BiasDetector (Chapter 25)

Automated tool for detecting and reporting bias in ML model predictions across protected attributes, integrating Fairlearn metrics with custom visualization and reporting.

class BiasDetector:
    """Detect and report bias in ML model predictions.

    Parameters
    ----------
    sensitive_features : list[str]
        Names of protected attribute columns (e.g., ['gender', 'race', 'age_group']).
    reference_groups : dict[str, str], optional
        Mapping of feature name to the reference group for ratio calculations.
        E.g., {'gender': 'Male', 'race': 'White'}.
    fairness_threshold : float
        Threshold for the four-fifths rule (default 0.8).
    """

    def __init__(self, sensitive_features: list[str],
                 reference_groups: dict[str, str] | None = None,
                 fairness_threshold: float = 0.8) -> None:
        self.sensitive_features = sensitive_features
        self.reference_groups = reference_groups or {}
        self.fairness_threshold = fairness_threshold
        self.audit_results = {}

    def audit(self, y_true: pd.Series, y_pred: pd.Series,
              sensitive_data: pd.DataFrame) -> dict:
        """Run a comprehensive bias audit across all sensitive features.

        Parameters
        ----------
        y_true : pd.Series
            Ground truth labels.
        y_pred : pd.Series
            Model predictions.
        sensitive_data : pd.DataFrame
            DataFrame containing the sensitive feature columns.

        Returns
        -------
        dict
            Nested dict: {feature: {metric: value}} including:
            - demographic_parity_difference
            - demographic_parity_ratio
            - equalized_odds_difference
            - group_accuracy, group_precision, group_recall, group_f1
            - four_fifths_rule_pass (bool)
        """
        ...

    def group_metrics(self, y_true: pd.Series, y_pred: pd.Series,
                      sensitive_data: pd.DataFrame,
                      feature: str) -> pd.DataFrame:
        """Compute detailed metrics broken down by group.

        Returns
        -------
        pd.DataFrame
            One row per group with accuracy, precision, recall, F1,
            selection_rate, and sample_size.
        """
        ...

    def plot_disparities(self, feature: str | None = None) -> plt.Figure:
        """Visualize metric disparities across groups.

        Parameters
        ----------
        feature : str, optional
            Sensitive feature to plot. If None, plots all features.

        Returns
        -------
        matplotlib.figure.Figure
        """
        ...

    def four_fifths_test(self, y_pred: pd.Series,
                         sensitive_data: pd.DataFrame,
                         feature: str) -> dict:
        """Apply the four-fifths (80%) rule test.

        Returns
        -------
        dict
            Keys: 'passes' (bool), 'selection_rates' (dict),
            'adverse_impact_ratio' (float), 'disadvantaged_groups' (list).
        """
        ...

    def generate_report(self, format: str = "text") -> str:
        """Generate a formatted bias audit report.

        Parameters
        ----------
        format : str
            Output format: 'text', 'markdown', or 'html'.

        Returns
        -------
        str
            Complete bias audit report.
        """
        ...

    def suggest_mitigations(self) -> list[dict]:
        """Suggest bias mitigation strategies based on audit results.

        Returns
        -------
        list[dict]
            Each dict has keys: 'issue', 'severity' ('high'/'medium'/'low'),
            'strategy', 'implementation_notes'.
        """
        ...

Usage:

from bias_detector import BiasDetector

detector = BiasDetector(
    sensitive_features=["gender", "age_group"],
    reference_groups={"gender": "Male", "age_group": "30-50"},
    fairness_threshold=0.8
)

audit = detector.audit(y_test, y_pred, df_test[["gender", "age_group"]])
print(f"Demographic parity (gender): {audit['gender']['demographic_parity_difference']:.3f}")
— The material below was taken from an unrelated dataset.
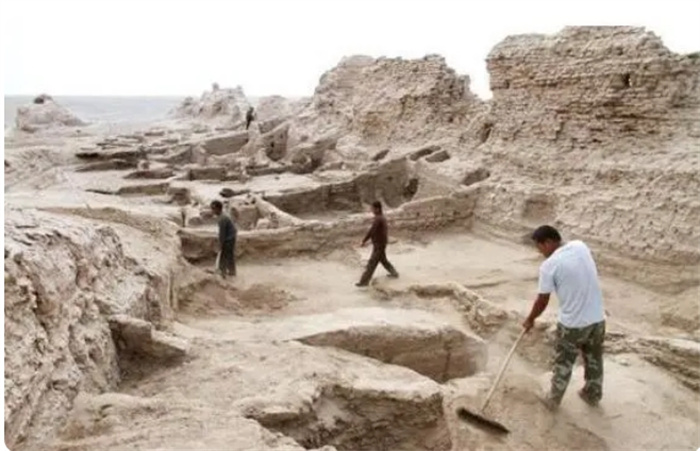 新疆3000年前的古墓，出土世界最早“破洞裤”，改写历史认知
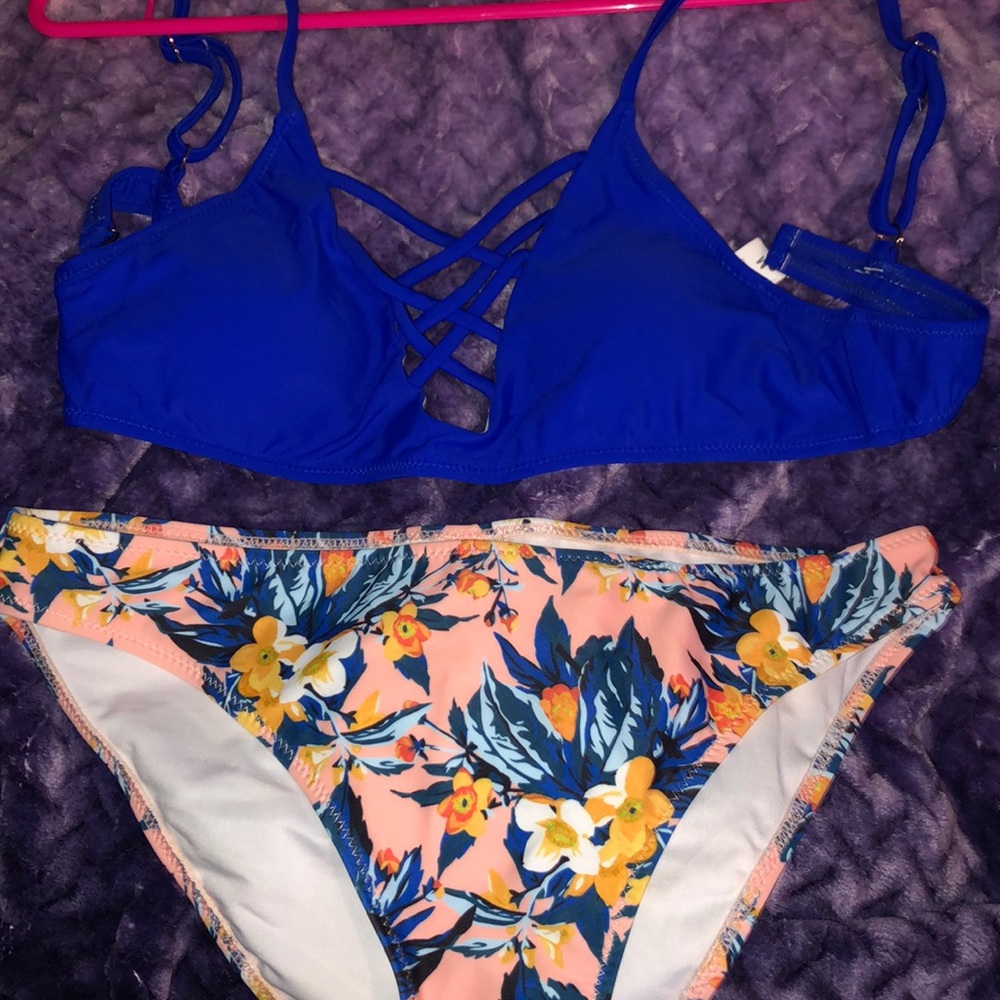 Blue with flowers bikini!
group_detail = detector.group_metrics(y_test, y_pred, df_test, feature="gender")
print(group_detail)

detector.plot_disparities(feature="gender")
report = detector.generate_report(format="markdown")
mitigations = detector.suggest_mitigations()

ExplainabilityDashboard (Chapter 26)

Unified explainability interface that wraps SHAP and LIME into a single API, producing global and local explanations along with interactive visualizations.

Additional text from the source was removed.